FRIGORIS – …In Stille

by Sara Di Gaspero

I tedeschi Frigoris ritornano con il loro quarto album “…In Stille” concludendo il concept cominciato nel 2016 con “Nur Ein Moment…”. La nuova fatica in studio uscirà il 24 gennaio per Hypnotic Dirge Records, e il risultato è di buona fattura. Autori di un post-black metal a volte descritto come atmospheric, a volte come melodic, in verità unisce tantissime diverse influenze che andremo ad analizzare in seguito. I Frigoris infatti nascono come band dedita al pagan black metal, ma man mano si evolvono attraverso le varie componenti della loro discografia, in una crescita stabile ed interessante. 

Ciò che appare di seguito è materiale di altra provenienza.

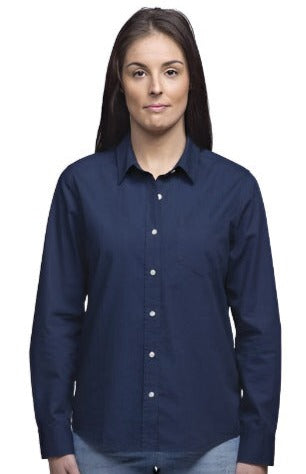 Restore Shirt – Womens Shirts BMV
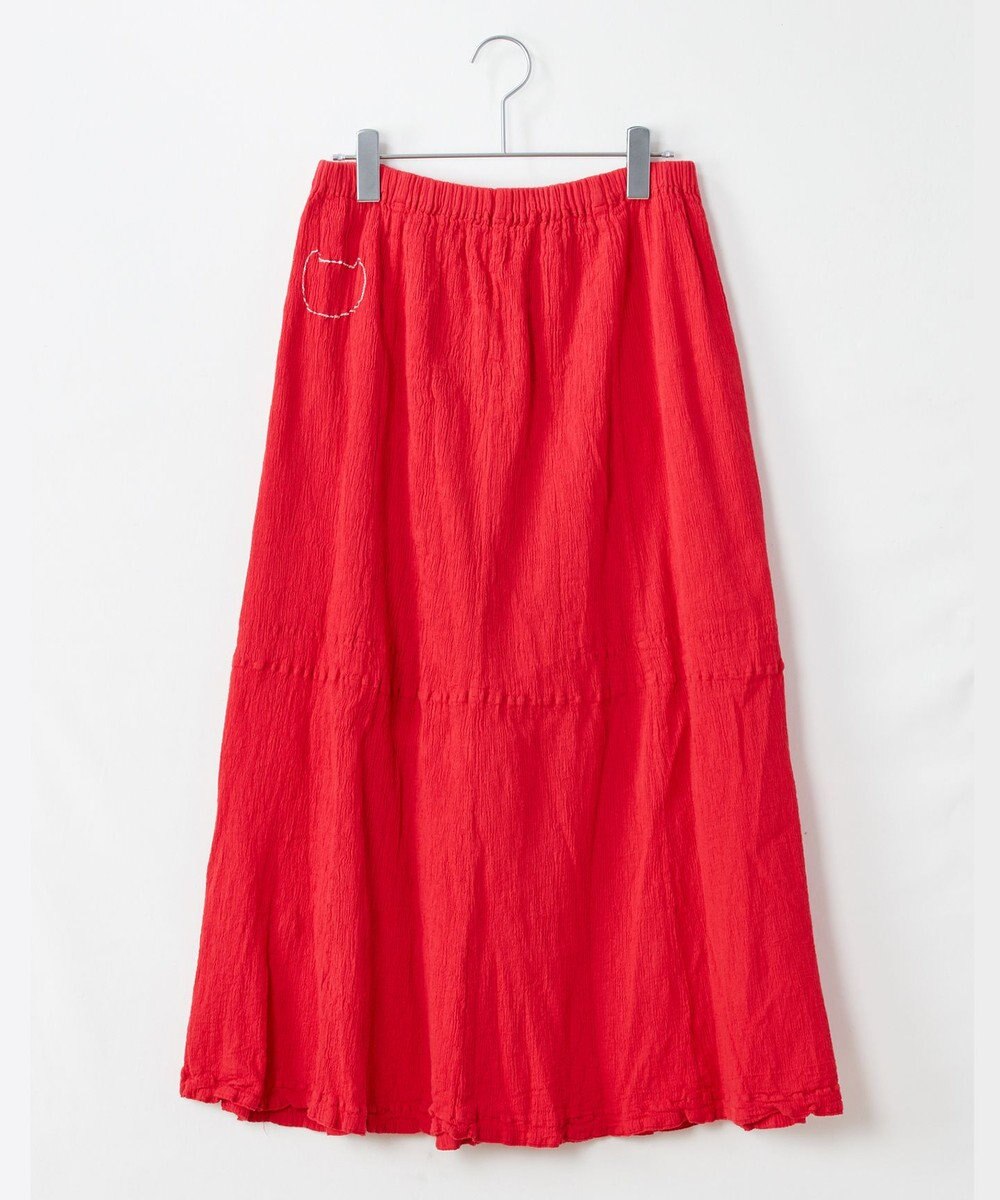 crêprie tsumori chisato creperie SKIRT クレプリ スカート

Cominciamo dalle note dolenti, così da tenerle bene in mente: sfortunatamente, rispetto alle produzioni passate (e mi riferisco in maniera particolare al capitolo precedente), “…in Stille” sembra avere una produzione meno curata, che si riflette in una batteria molto poco calibrata e alle volte fastidiosa, specialmente nei primi ascolti, oltre che ad una specie di “patina” che rovina il suono, come se ci fosse uno strato invisibile fra la musica e l’ascoltatore. Dopo qualche ascolto, entrambe le sensazioni si affievoliscono, ma è un piccolo neo che non passa inosservato. 

L’album si divide in otto brani per la durata di un’ora e cinque minuti circa, e a parte un’unica eccezione la durata di ogni canzone varia dai cinque minuti ai dodici. Straordinariamente, nonostante la pesantezza delle atmosfere, i brani scorrono via veloci senza rischiare di cadere nel ripetitivo, fatta eccezione per “Einkehr”, dove i Frigoris sembrano aver perso un pochino lo slancio. 

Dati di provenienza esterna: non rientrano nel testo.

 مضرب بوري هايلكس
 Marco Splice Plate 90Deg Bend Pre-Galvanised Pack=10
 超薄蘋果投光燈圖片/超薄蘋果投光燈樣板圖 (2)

Parlando quindi strettamente dei brani, “…In Stille” è formato da un post-black ricco di dettagli che mescola momenti che veleggiano sul doom/DSBM (“Stimmen in Regen”) e varie interruzioni o momenti molto melodici, a infondere con essi una profonda malinconia e tristezza. La maggior parte delle introduzioni viene affidata a chitarre che sprigionano questi due sentimenti, ma quando serve viene lasciato spazio alla furia cieca della fiamma nera (“Das Licht In Mir”) o a chitarre effettate che sembrano quasi tappeti di tastiere (“Einkehr”). Si segnala una sfumatura leggerissima di industrial in “Funkenflug”, dettaglio delicatissimo e molto apprezzato; lo stesso brano ha uno dei momenti vocali più intensi dell’intero album, dove il cantante Dominik Winter sembra raggiungere il massimo della disperazione possibile, quasi volendosi rompere le corde vocali. 

Strumento focale anche delle produzioni precedenti è il violoncello, che in quest’album si ripresenta sia nel brano che apre le danze (“Aurora stirbt”) che in quello che le conclude: il meglio di sé però lo dà nella leggiadra “Die Gleise an denen wir sterben (Nur Ein Moment…)”, introduzione acustica al lungo finale dell’album. Quest’ultimo viene affidata alla speculare “Die Gleise an denen wir sterben (…in Stille)”, conclusione dell’album e del concept, riassunto dell’intero album, che vanta un’interruzione quasi assordante e con un finale finto che lascia spazio ad una lunga parte recitata, inquietante e delicata ad un tempo.

Personalmente la più bella dell’album è la già citata “Das Licht In Mir”, piccola gemma in mezzo alle altre: si distingue per un black lento che si trasforma poi in un pesante mid-tempo e dei cori ombrosi, senza perdere di vista la violenza infernale caratteristica dell’intera opera. 

I cori tornano anche in “Scheideweg”, dove però regalano un’atmosfera assurdamente sognante in mezzo ad un mondo desolato; l’intero brano sfocia in un bel finale ritmato da headbang assicurato. 

Capolavoro assoluto? Ni, nel senso che è davvero un’ottima prova che soddisferà palati molto raffinati abituati alle sonorità degli Agalloch o dei Fen, ma personalmente siamo a metà strada verso il vero capolavoro. Rimane una prova molto valida, dall’ascolto caldamente raccomandato, ma… Ci siamo quasi. Ancora uno piccolo sforzo.